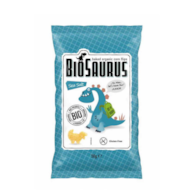 Chrupki kukurydziane bezglutenowe solone 50g BIOSAURUS BIO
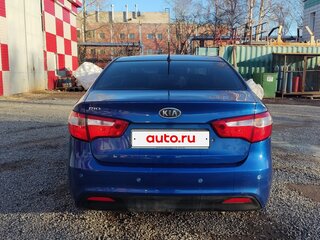 2011 Kia Rio III, синий, 750000 рублей, вид 3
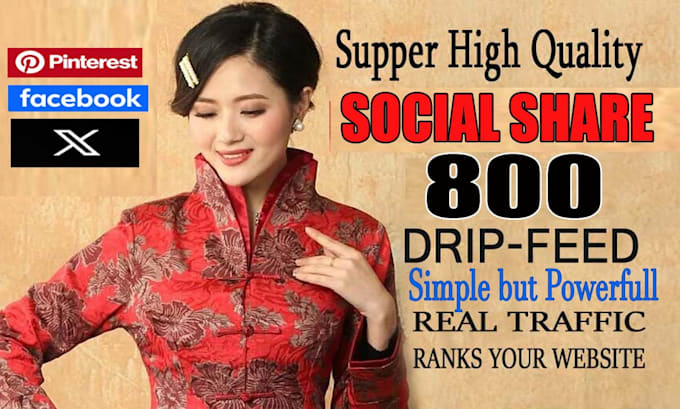 share and promote your website on top social media platform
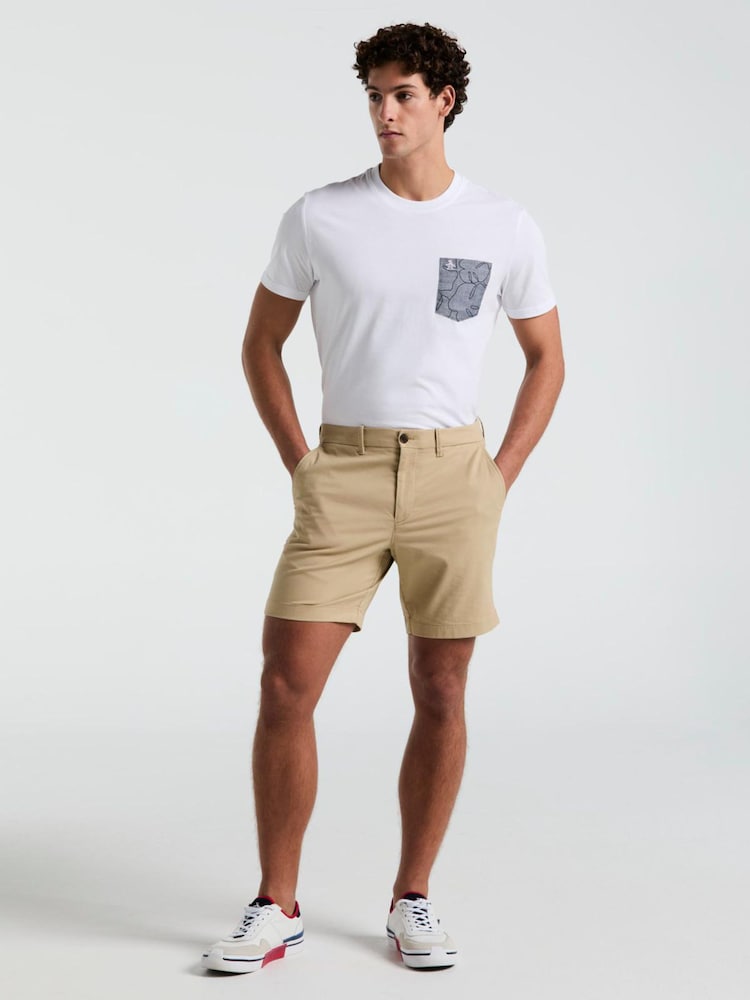Original Penguin Core Chino Shorts - Image 1 of 5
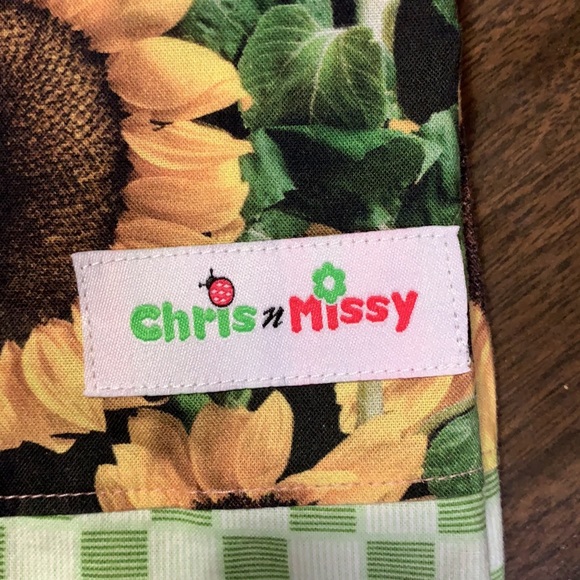 Chris n Missy sunflower dress size 4 - Picture 2 of 3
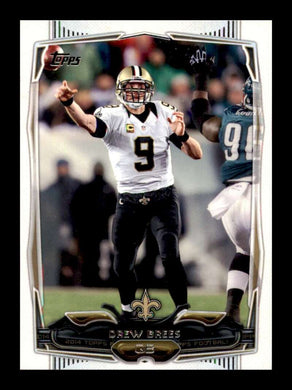 2014 Topps Drew Brees 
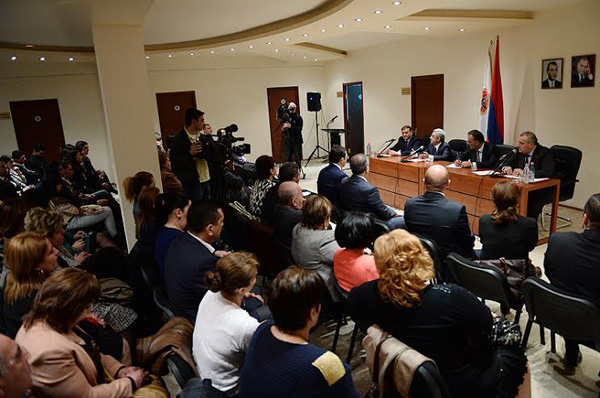 Ո՞ր կուսակցության նախագահն է մի պահի ասել՝ ժամանակն է, որ տեղս զիջեմ թիմակցիս
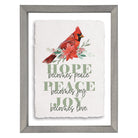 Hope Peace Joy Cardinal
------
## [ACTION ITEM]
From the first line to the last, retype the data exactly, without images.

## [YOUR RESPONSE]
 Chrupki kukurydziane bezglutenowe solone 50g BIOSAURUS BIO
 2011 Kia Rio III, синий, 750000 рублей, вид 3
 share and promote your website on top social media platform
Original Penguin Core Chino Shorts - Image 1 of 5
 Chris n Missy sunflower dress size 4 - Picture 2 of 3
 2014 Topps Drew Brees 
 Ո՞ր կուսակցության նախագահն է մի պահի ասել՝ ժամանակն է, որ տեղս զիջեմ թիմակցիս
 Hope Peace Joy Cardinal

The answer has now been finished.